═══ RECORDS FOR THIS TASK
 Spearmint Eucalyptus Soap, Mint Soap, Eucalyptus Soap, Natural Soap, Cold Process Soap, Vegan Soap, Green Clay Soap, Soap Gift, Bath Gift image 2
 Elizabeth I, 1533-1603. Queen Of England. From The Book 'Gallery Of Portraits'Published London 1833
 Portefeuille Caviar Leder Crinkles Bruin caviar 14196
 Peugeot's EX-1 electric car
══════
═══ RECORDS FOR THIS TASK
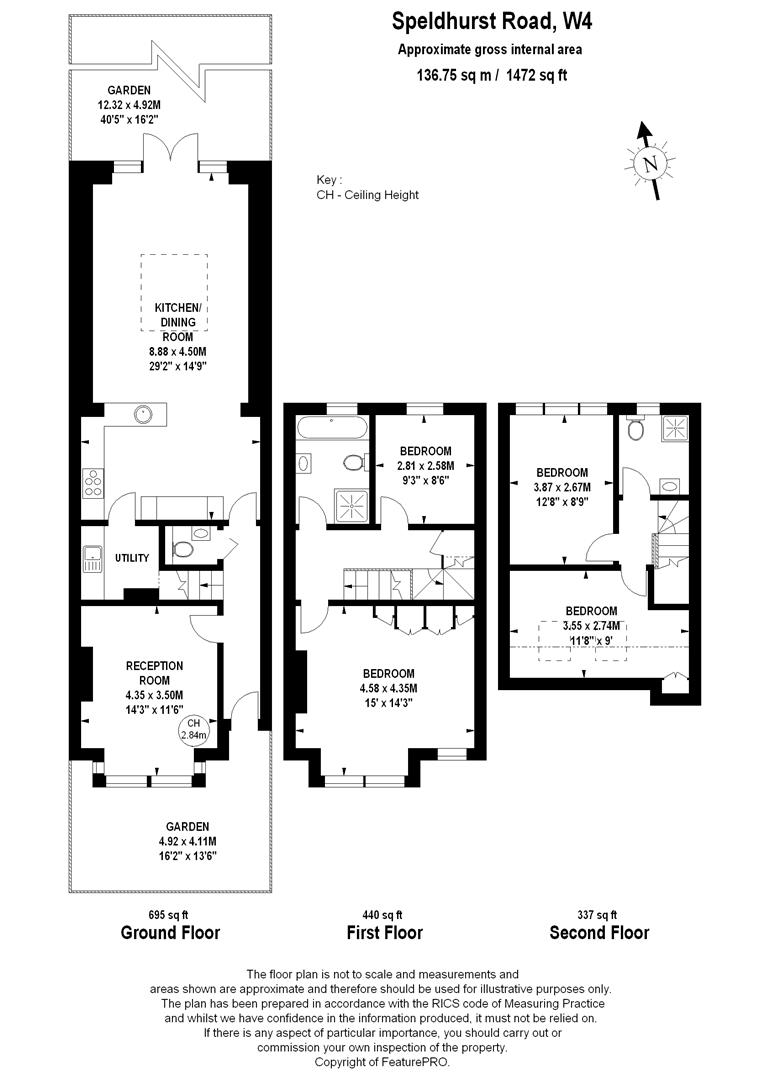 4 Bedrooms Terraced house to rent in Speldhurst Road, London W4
══════
§ TASK BRIEF: Start with the line above that contains "Spearmint Eucalyptus Soap, Mint" and end with the line that contains "Peugeot's EX-1 electric car". Write out those lines exactly, and only those.

§ TASK OUTPUT:
 Spearmint Eucalyptus Soap, Mint Soap, Eucalyptus Soap, Natural Soap, Cold Process Soap, Vegan Soap, Green Clay Soap, Soap Gift, Bath Gift image 2
 Elizabeth I, 1533-1603. Queen Of England. From The Book 'Gallery Of Portraits'Published London 1833
 Portefeuille Caviar Leder Crinkles Bruin caviar 14196
 Peugeot's EX-1 electric car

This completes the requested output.